読書より実体験が大事だという人がいます。確かに体験は大事で、人の経験を交えての話は説得力があるし、なによりも面白いですね。ですが、私たちはなにもかも体験することはできません。特に時代を超えて経験することは不可能です。実体験や学校の授業などで得られなかった知識が得られ、未知の世界を知り、そして何よりも想像力を養うのは読書です。私は朝礼で色々な話をしますが、その話は自分の体験談のほかに友人・知人から聞いた話、あるいは講演会で聞いた話、またテレビやラジオからの情報など様々ですが、割合としては本や新聞から得られた知識が結構多いです。あなた方は、勉強が忙しい、部活もある、スマホをいじる時間も必要だ、読書などに時間が取れないと言うかもしれませんが、読書の時間はその気になればいくらでも作ることができます。

中国の宋の時代の学者に欧陽脩(おうようしゅう)という人物がいました。唐宋八大家の一人とされる名文家でもあります。この欧陽脩がこんなことを言っています。「余、平生作る所の文章、多くは三上に在り。すなわち馬上・枕上(ちんじょう)・厠上(しじょう)なり」つまり、自分が普段文章を練る、考えをまとめるのに適している場所が三つあるというのです。三つとも「上」がつくから三上というのですが、その三つの上とは一つが「馬上」、馬の上です。二つ目が「枕上」、枕の上です。そして三つ目が「厠上」、「厠」とは訓読みで「かわや」と読む、つまりトイレですね。欧陽脩は、馬に乗って移動している時、現代で言えば通学の電車やバスの中と、寝る前の時間と、及びトイレで用を足している時が普段文章を練るのに適していると言っているのです。

欧陽脩は文章を練る場所として三上を挙げたのですが、これは読書にもあてはまるでしょう。これは私の場合ですが、私は三上のうち二つを実行しています。電車の中とトイレの中です。電車に乗っている時は、必ずというわけではありませんが、本を読みます。「枕上」は昔はやっていましたが、最近は布団に入ると早い時には数秒で意識不明(?)になるので今はやっていません。そして二つ目は「厠上」、トイレの中です。これは私がかなり長い間続けている習慣で、尾籠(びろう)な話になって申し訳ありませんが、お薦めの場所です。トイレには壁にはめ込んだ形でものが置ける場所があると思います。文庫や新書なら楽に置けるし、単行本でも置けないことはありません。大事なポイントは、1冊持ち込んだらその本はトイレの中だけで読むと決めることです。したがって電車の中や書斎で読む本と並行して読むことになります。時間はかなりかかりますが、根気強く読み続ければかなりの量の本が読めます。私はトイレ読書を20年ほど続けていますが、誇張ではなく数十冊読破しています。少し自慢話になりますが、これまでトイレで読んだ本の中で最も長大な本は、井上ひさしさんの『吉里吉里人』という小説で、上下2段組みの単行本で八百ページほどあります。1年以上かかったかもしれませんが読破しました。

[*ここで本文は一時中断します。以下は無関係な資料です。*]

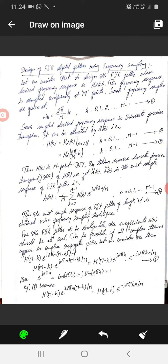The next topic is design of FIR digital filters using frequency sampling. Here we are going to consider DFT and IDFT operations. We have taken an example of how a FIR filter can be designed using the frequency sampling method. We are going to consider a FIR filter's desired frequency response as Hd of omega. The frequency response is sampled at uniform M points, and the sampling frequency is taken as omega M.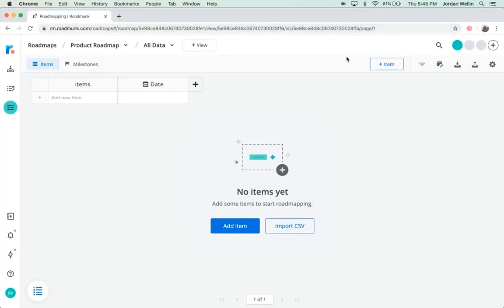First up, let's look at adding items manually. To add an item to your roadmap, simply type in the name of your item into the items table.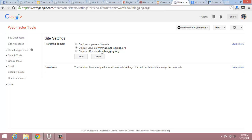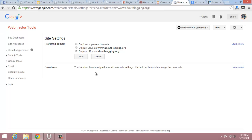Or if you want to use www.aboutblog.org at the start, do this. I think this video will help you a lot. Thanks.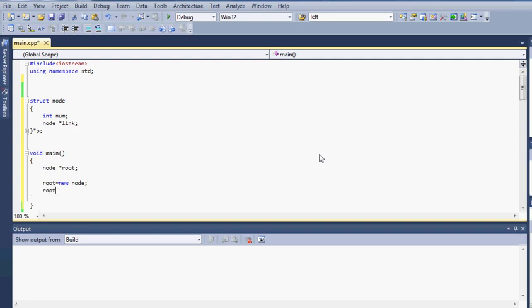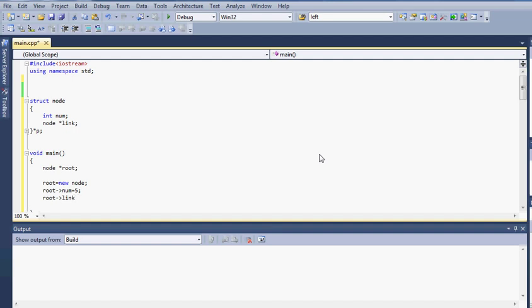So if I do root pointer num equals 5 and then I want to do root link. Now what I have done is that after I have entered a value inside the num variable, I have to make sure I have root pointing to the link. And then I believe you have to set equal to p and p equals root.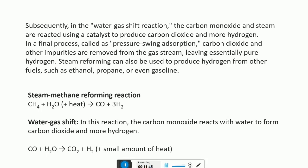The steam methane reforming reaction is: CH₄ + H₂O + heat → CO + H₂. The water gas shift reaction is: CO + H₂O → CO₂ + H₂ + small amount of heat. Steam reforming can also be used to produce hydrogen from other fuels such as ethanol, propane, or even gasoline.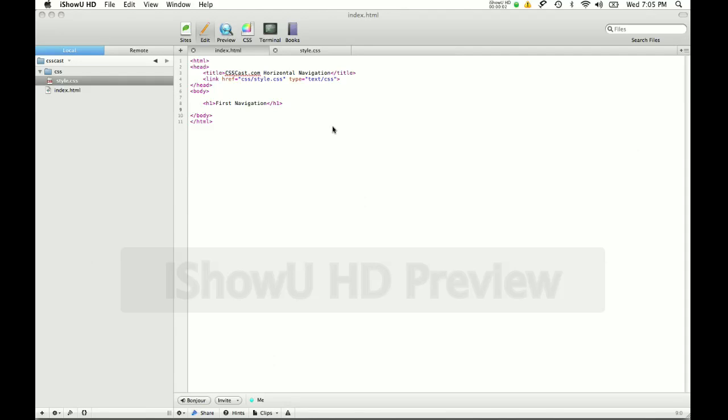Hi, this is Hudson from csscast.com and in this episode I'm going to show you how to make your navigation horizontal using just CSS.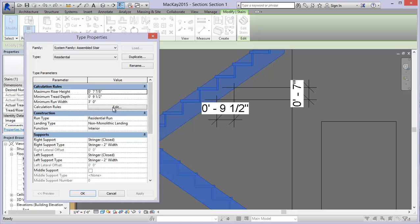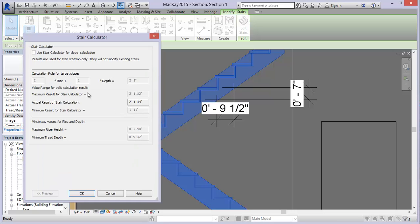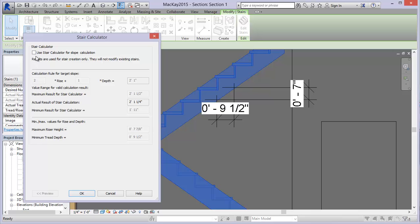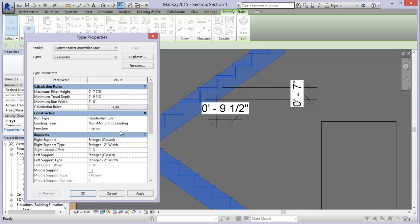There are also calculation rules - this is getting into a bit more math. You could probably just leave this as is for the most part; you shouldn't have to adjust this if you don't want to. But if you do, you can check this and put in these values. Basically it's two times the rise plus one tread depth equals a certain value - so if it was seven inches, it'd be 14 inches plus nine and a half, and that's what Revit would use to create the slope. I'm going to uncheck that and leave it as is.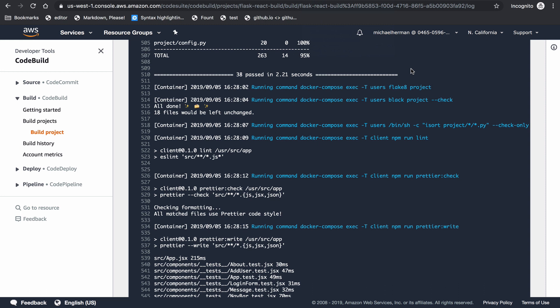This will probably take between six and seven minutes to run, but it has already succeeded — I did fast-forward a little bit. You can see that during this CodeBuild, we ran the client and server side unit and integration tests, and then checked the code for quality and formatting issues.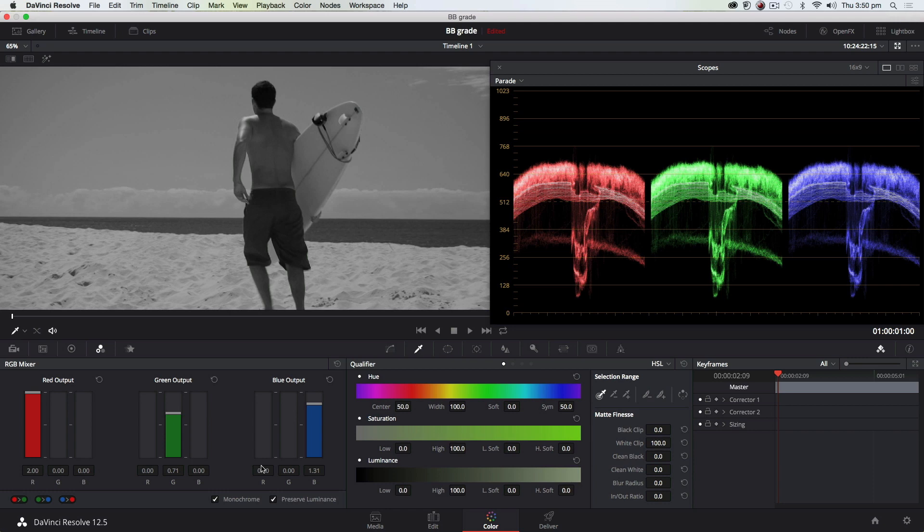So this is a really cool way of doing black and white looks, and I find I use this all the time. If ever I have to do any black and white work, much more control, more creative than just using the saturation.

「三上」に限らず、本を読む時間はその気になればいくらでも作れます。読書週間を機に、あなた方も読書のそれこそ「習慣」をつけてほしいと思います。

最後に、これは読書ではなく創作の側の話になりますが、先週の朝日新聞の書評欄に14歳で作家デビューした女子生徒が紹介されていました。鈴木るりかさんといって、小学校の時に3年連続で「12歳の文学賞」で大賞を受賞し、そのときの受賞作や書下ろしを加えた短編集が『さよなら、田中さん』という題名で出版されたということです。あさのあつこさんから「鳥肌が立つような才能」と激賞されたそうで、すごい人がいるものですね。図書館に入れてもらいますから、皆さんも興味があれば一度読んでみてください。